As for politicians, those lambs and rabbits—

“Watch it!”

Missed that one by a cat hair. As for the politicians—forget them. We scrape by the next on the portside, a fang of limestone under a furl of glossy water. Vicious loveliness, hissing at my ear. I glide into a trough between two petrified crocodiles and slide down the rapid’s glassy tongue into a moderate maelstrom. I center my attention on the huge waves walloping toward us. We
ride them out in good form, bow foremost, with only a stroke now on one oar, now on the other, to keep the raft straight.

We leave the forest, descending mile after mile through a winding slickrock canyon toward tableland country. It is like Glen Canyon once again, in miniature, submerged but not forgotten Glen Canyon. The old grief will not go away.
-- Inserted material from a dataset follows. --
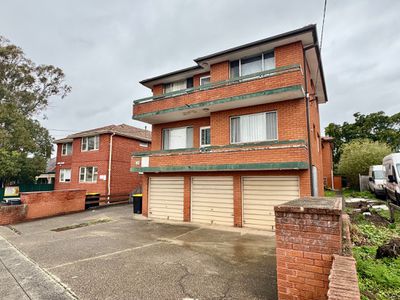 1 / 42 South Parade, Campsie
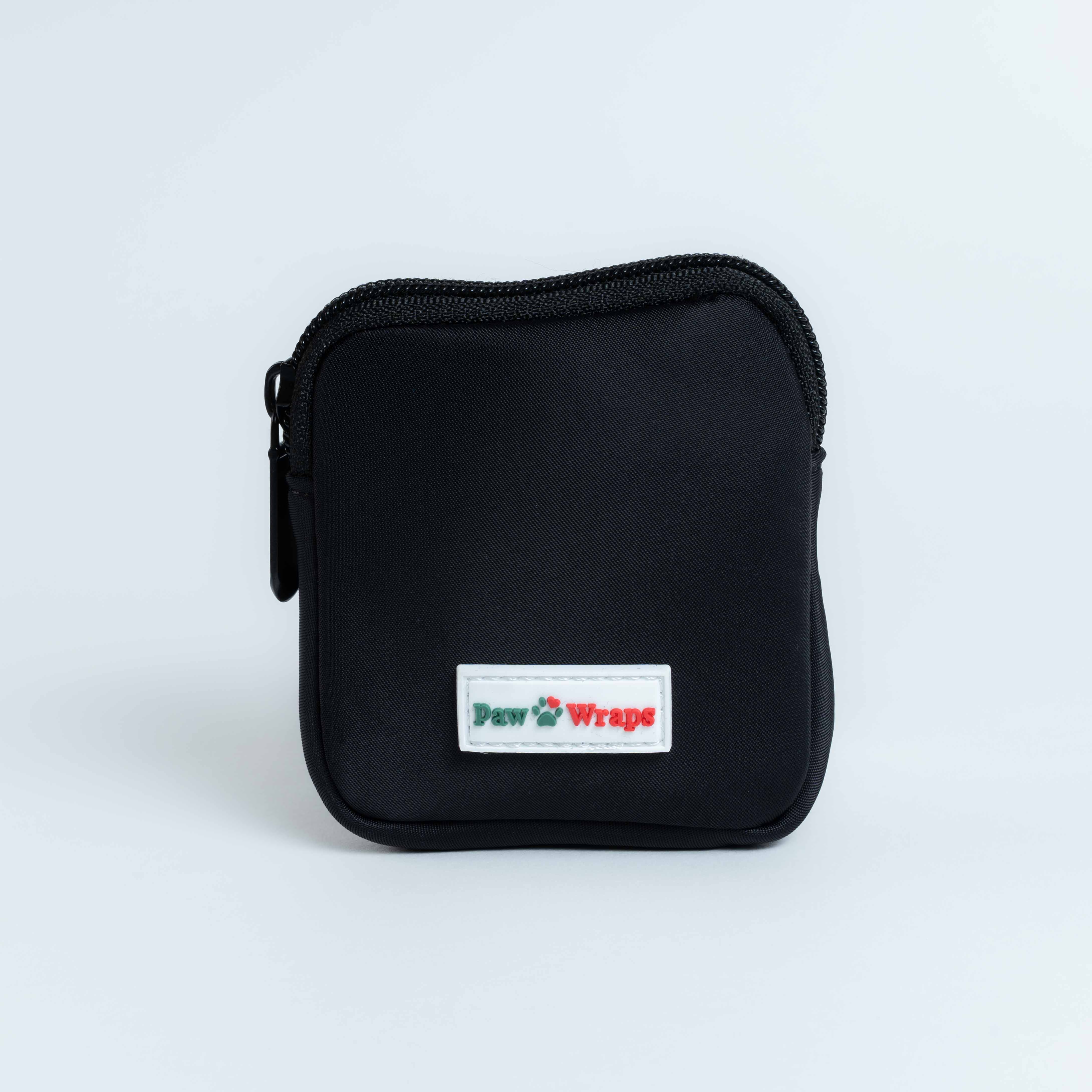 Treats pouch with zip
Like the loss of a wife, brother, sister, the ache in the heart dulls with time but never dissolves entirely.

We camp one night at a place called Coyote Wash, a broad opening—almost a valley—in the canyon world. After dark one member of the crew, a deadly pyromantic, climbs a thousand-foot bluff above camp and builds a bonfire of old juniper and piñon pine. He is joined by a second dark figure, dancing around the flames. As the flames die the two shove the mound of glowing coals over the edge. A cascade of fire streams down the face of the cliff. Clouds of sparks float on the darkness, flickering out as they sink into oblivion. A few spot-fires burn among the boulders at the base of the cliff, then fade. The end of something. A gesture—but symbolizing what?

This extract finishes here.